Heat Transfer Experiment~

               This week’s experiment focused on the transfer of heat. When an object is heated up the molecules begin to vibrate faster and faster causing a rise in temperature and the heat is transferred through conduction, convection, or radiation. Conduction is the transfer of heat from a region of higher temperature to a region of low temperature by being transferred from molecule to molecule (Tillery, Enger & Ross, 2008). The second way to transfer heat is by convection which is the transfer of heat by movement of the warm matter (Laureate Education Inc, 2010). The third way to transfer heat is by radiation which is the transfer of heat through an empty space (Laureate Education Inc, 2010). All three of these methods of heat transfer were seen in this experiment. One of the materials I used was plastic wrap which allowed me to see what was happening inside the cup. After thirty minutes water vapor had condensed on the plastic wrap and was dripping down into the cup. When a liquid is heated it warms, expands, and evaporates. When the water vapor reached the material it came in contact with the cooler air causing the water vapor to cool and condense.
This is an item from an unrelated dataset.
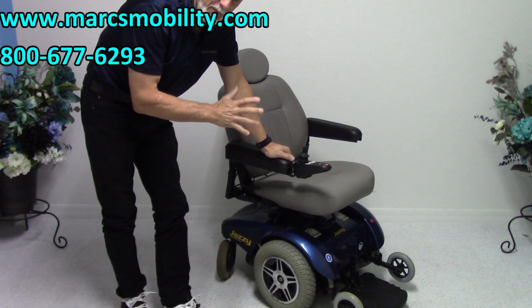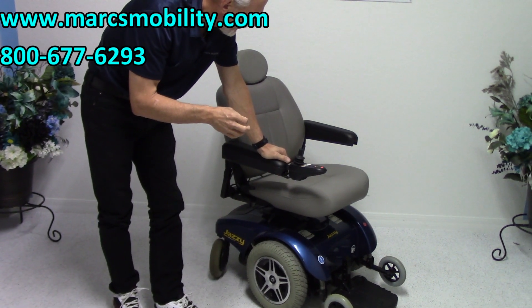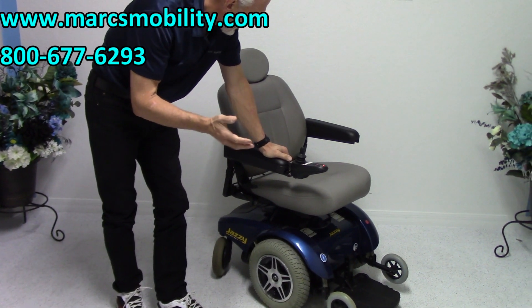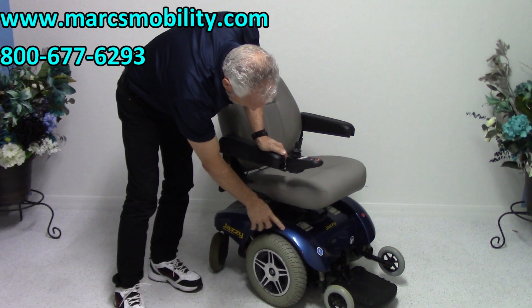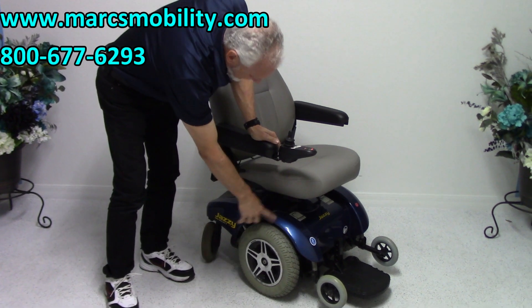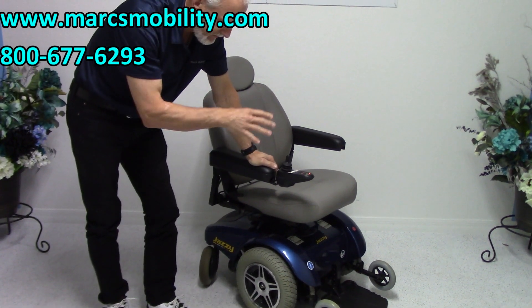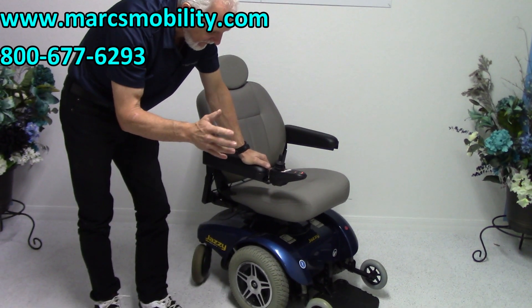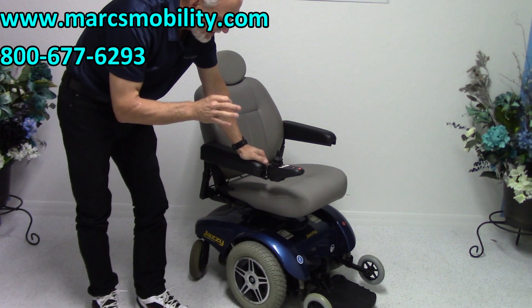This chair was used for about 3 to 5 months. It's an older model but has been sitting in someone's home for a while — you can see it was kept inside. It does have a little scratch, but it's practically new, used only 3 to 5 months and in excellent condition.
When the water cools it falls thus creating a convection current inside the cup. Convection currents play a big part in the way the water was cooled down. By creating the current it allowed cooler molecules to return to the warm water cooling the molecules down faster. For another material I used tin foil which created an environment where conduction occurred. Using this material created an environment where the molecules did not have to move to transfer the heat after a certain period of time. The heat from the water and air trapped under the tin foil allows all the molecules inside as well as in the tin foil to heat up to a constant temperature. This keeps the water and air inside at a constant temperature which slows down the cooling process. Radiant heat transfer was also seen with this material because the heat could be felt when your hand was held over the cup.
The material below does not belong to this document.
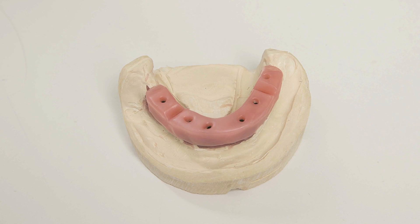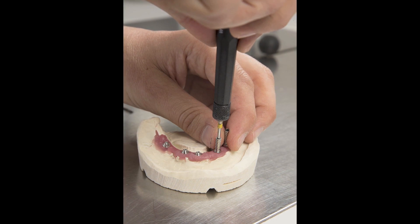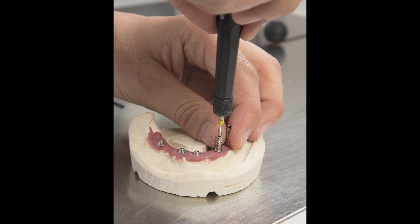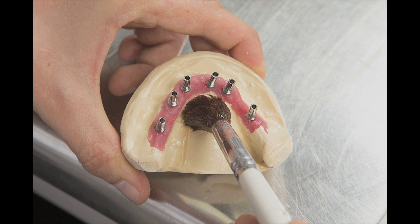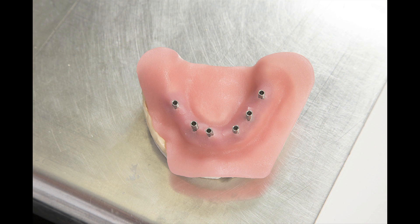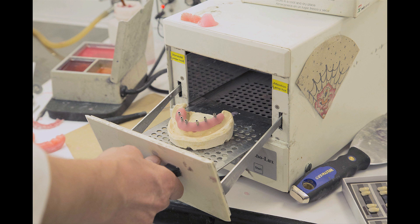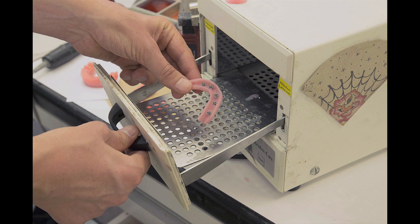Next, the bite block is fabricated. Non-engaging titanium cylinders housing prosthetic screws are attached to each implant analog in the working model to ensure that there is no movement when the bite block is fabricated, as well as when the jaw relations are recorded by the doctor. Separator is applied to the model to prevent wax from adhering. Lycure base plate material is molded over and around the cylinders and pressed down over the working model, ensuring that no material obstructs the cylinder holes. The base plate is then trimmed along the facial and lingual walls that overlap the alveolar ridge. After light curing the base plate on the working model, the titanium cylinders are unscrewed and the base plate is removed from the model and inverted to complete the curing process.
            When I do this experiment again I would like to use materials that are more commonly used with keeping things warm. I would hold a class discussion for these common items and bring what them to class. These items can include Styrofoam cups, tin foil, plastic and glass containers. I think the Styrofoam cup would be the best insulator because it keeps hot liquid from burning your hand however, it would depend on what kind of lid was used. Overall, I still think tinfoil would be the best insulator. Different kinds of food also need to be kept warm so I would discuss with the class the most common foods they eat and home that need to be kept warm. This could include soup, hot dogs, noodles, or macaroni and cheese. I think these types of foods would act the same as the water except the more surface area the food has the faster the food will cool down. By including the students in the experiment set up they will make real life connections with the activity as well as the concepts and ideas being put to the test. By completing this experiment I would want my students to understand what the different types of heat transfer are, what a good insulator is, and how it connects to their everyday lives. This experiment is focused on an idea that students can use every day at home when making their food or even for safety when using hot liquids.
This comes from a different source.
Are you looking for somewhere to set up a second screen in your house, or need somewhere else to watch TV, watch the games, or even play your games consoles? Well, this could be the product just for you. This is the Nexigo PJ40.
Guided Inquiry - Pendulums

     The question I decided to focus on for the guided inquiry activity was, which pendulum will come to rest more quickly – a lighter pendulum or a heavier pendulum? The school I currently teach at has invested in CPO science for grades six through twelve, so I had tools outside of the materials given for this activity. To answer the given question I used a stand, pendulum, weights, a timer and a photogate. After setting up the pendulum I set the timer to “count” mode and put ten weights on the pendulum. I pulled the pendulum back until it was at an amplitude of thirty, then released the pendulum and started a stopwatch at the same time. I then repeated the process with five weights. As the pendulum swings through the photogate the timer counts how many times the pendulum passes through the photogate. For my first trial, I set the pendulum up with ten weights and the timer recorded the pendulum passing through the photogate 352 times and stopped after 318 seconds. For my second trial, I set the pendulum with five weights and it passed through the photogate 356 times and stopped after 367 seconds. My data shows that a pendulum with more weight will slow down faster due to air resistance. My results were what I expected because the air resistance opposes the motion of the swinging pendulum so the more weight the pendulum has the stronger the opposing force slows it down.
    
     Overall everything with the experiment went well. My biggest challenge was figuring out how I was going to get from the question to the results that would answer the question.  But, through trial and error I figured out what I needed to do to get the results. To get a different result for this activity I would have students choose to test if the length of the string affects the stop time or the amplitude from which the pendulum is dropped affects the stop time.
    
     I would set the same experiment up for my students because they were already curious and asking questions about the experiment. I would have my students complete the same test, will weight affect the stop time of the pendulum, and then add an extra experiments on how amplitude and the length of the sting affects stop time. This experiment is relevant to my student’s lives because they are always out playing on the swings. After completing the experiment inside with the pendulum, I would take my students outside and see if they get the same results on a swing.
    
     From completing this experiment I would like my students to better understand the concepts we have studied in class. They will get to see how Newton’s Laws and air resistance (friction) affect a pendulum and then later a person on a swing. This experiment will also provide a good teachable moment to introduce the concept of momentum. If and when I do this experiment with my class I feel it will be very successful. It allows students to review past concepts and ideas and test to see how they affect different objects.